• _YOUR ASSIGNMENT_
Exactly as written, copy the lines that run from the start of the data below to the line containing "Page 3 — Les", both ends included.

=== EXTRACTED INFORMATION ===

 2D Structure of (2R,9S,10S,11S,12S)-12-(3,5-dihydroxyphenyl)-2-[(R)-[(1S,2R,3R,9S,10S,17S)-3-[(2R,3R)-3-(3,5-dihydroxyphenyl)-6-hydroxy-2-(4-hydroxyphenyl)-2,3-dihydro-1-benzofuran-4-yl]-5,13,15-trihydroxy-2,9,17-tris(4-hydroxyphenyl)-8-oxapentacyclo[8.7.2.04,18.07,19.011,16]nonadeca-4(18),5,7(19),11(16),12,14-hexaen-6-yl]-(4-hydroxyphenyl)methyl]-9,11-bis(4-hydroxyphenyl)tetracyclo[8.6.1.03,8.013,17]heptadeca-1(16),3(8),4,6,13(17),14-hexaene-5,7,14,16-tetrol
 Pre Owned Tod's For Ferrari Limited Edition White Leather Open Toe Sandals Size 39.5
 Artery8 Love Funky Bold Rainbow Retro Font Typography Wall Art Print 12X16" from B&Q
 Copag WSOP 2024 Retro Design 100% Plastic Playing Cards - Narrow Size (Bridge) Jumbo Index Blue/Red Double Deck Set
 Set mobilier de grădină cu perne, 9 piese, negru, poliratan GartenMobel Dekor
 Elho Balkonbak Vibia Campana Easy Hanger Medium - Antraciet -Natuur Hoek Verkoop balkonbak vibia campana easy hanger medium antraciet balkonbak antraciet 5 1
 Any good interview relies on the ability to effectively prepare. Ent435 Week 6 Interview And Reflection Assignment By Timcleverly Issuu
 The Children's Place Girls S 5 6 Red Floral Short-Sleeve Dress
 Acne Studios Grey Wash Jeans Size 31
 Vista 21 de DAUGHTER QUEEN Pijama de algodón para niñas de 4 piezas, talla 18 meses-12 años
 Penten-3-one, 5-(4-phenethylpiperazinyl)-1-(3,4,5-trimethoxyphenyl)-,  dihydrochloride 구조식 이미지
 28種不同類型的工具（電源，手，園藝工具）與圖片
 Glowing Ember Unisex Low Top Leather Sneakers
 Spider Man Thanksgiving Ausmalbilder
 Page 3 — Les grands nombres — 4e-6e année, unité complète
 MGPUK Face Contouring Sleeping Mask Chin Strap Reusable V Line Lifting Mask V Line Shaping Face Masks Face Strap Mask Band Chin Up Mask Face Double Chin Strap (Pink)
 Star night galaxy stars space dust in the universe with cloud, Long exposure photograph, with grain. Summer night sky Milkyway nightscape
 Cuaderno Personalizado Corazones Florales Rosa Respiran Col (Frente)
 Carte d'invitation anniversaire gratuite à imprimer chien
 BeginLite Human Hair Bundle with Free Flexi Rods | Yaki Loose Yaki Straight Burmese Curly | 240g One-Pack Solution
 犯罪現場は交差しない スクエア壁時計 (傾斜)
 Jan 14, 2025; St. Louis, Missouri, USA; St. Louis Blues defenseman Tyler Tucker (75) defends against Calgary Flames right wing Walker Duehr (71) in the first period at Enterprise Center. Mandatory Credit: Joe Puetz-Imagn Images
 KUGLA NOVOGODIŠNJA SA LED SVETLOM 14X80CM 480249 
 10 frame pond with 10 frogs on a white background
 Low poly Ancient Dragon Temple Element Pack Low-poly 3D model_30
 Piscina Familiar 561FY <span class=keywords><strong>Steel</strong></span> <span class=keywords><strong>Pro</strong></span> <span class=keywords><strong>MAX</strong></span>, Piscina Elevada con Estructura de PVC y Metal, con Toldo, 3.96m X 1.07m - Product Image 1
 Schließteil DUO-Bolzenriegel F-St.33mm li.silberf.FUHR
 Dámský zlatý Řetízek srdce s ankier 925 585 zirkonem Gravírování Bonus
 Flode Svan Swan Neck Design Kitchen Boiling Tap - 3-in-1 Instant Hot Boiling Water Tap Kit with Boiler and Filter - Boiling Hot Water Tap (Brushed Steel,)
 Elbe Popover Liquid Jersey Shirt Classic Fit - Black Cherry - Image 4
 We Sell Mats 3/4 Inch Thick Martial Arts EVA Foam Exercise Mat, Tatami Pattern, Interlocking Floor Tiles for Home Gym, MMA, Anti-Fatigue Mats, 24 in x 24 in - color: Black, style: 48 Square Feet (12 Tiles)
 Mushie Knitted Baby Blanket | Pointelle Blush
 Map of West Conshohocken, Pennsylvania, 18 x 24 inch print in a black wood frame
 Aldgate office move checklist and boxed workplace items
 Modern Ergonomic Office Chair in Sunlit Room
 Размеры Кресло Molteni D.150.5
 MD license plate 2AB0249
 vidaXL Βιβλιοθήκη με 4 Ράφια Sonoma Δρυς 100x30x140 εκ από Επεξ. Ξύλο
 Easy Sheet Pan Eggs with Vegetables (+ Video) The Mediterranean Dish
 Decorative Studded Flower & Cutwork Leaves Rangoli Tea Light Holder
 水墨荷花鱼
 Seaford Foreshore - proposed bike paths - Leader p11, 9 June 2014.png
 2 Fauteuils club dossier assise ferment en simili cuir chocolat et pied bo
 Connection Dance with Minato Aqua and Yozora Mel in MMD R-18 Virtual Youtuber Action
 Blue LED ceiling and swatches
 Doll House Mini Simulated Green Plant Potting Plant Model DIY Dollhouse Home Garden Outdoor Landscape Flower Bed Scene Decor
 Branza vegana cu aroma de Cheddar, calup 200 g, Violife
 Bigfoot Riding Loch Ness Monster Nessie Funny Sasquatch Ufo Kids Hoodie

===

• _RESULT OF THIS EXERCISE_
 2D Structure of (2R,9S,10S,11S,12S)-12-(3,5-dihydroxyphenyl)-2-[(R)-[(1S,2R,3R,9S,10S,17S)-3-[(2R,3R)-3-(3,5-dihydroxyphenyl)-6-hydroxy-2-(4-hydroxyphenyl)-2,3-dihydro-1-benzofuran-4-yl]-5,13,15-trihydroxy-2,9,17-tris(4-hydroxyphenyl)-8-oxapentacyclo[8.7.2.04,18.07,19.011,16]nonadeca-4(18),5,7(19),11(16),12,14-hexaen-6-yl]-(4-hydroxyphenyl)methyl]-9,11-bis(4-hydroxyphenyl)tetracyclo[8.6.1.03,8.013,17]heptadeca-1(16),3(8),4,6,13(17),14-hexaene-5,7,14,16-tetrol
 Pre Owned Tod's For Ferrari Limited Edition White Leather Open Toe Sandals Size 39.5
 Artery8 Love Funky Bold Rainbow Retro Font Typography Wall Art Print 12X16" from B&Q
 Copag WSOP 2024 Retro Design 100% Plastic Playing Cards - Narrow Size (Bridge) Jumbo Index Blue/Red Double Deck Set
 Set mobilier de grădină cu perne, 9 piese, negru, poliratan GartenMobel Dekor
 Elho Balkonbak Vibia Campana Easy Hanger Medium - Antraciet -Natuur Hoek Verkoop balkonbak vibia campana easy hanger medium antraciet balkonbak antraciet 5 1
 Any good interview relies on the ability to effectively prepare. Ent435 Week 6 Interview And Reflection Assignment By Timcleverly Issuu
 The Children's Place Girls S 5 6 Red Floral Short-Sleeve Dress
 Acne Studios Grey Wash Jeans Size 31
 Vista 21 de DAUGHTER QUEEN Pijama de algodón para niñas de 4 piezas, talla 18 meses-12 años
 Penten-3-one, 5-(4-phenethylpiperazinyl)-1-(3,4,5-trimethoxyphenyl)-,  dihydrochloride 구조식 이미지
 28種不同類型的工具（電源，手，園藝工具）與圖片
 Glowing Ember Unisex Low Top Leather Sneakers
 Spider Man Thanksgiving Ausmalbilder
 Page 3 — Les grands nombres — 4e-6e année, unité complète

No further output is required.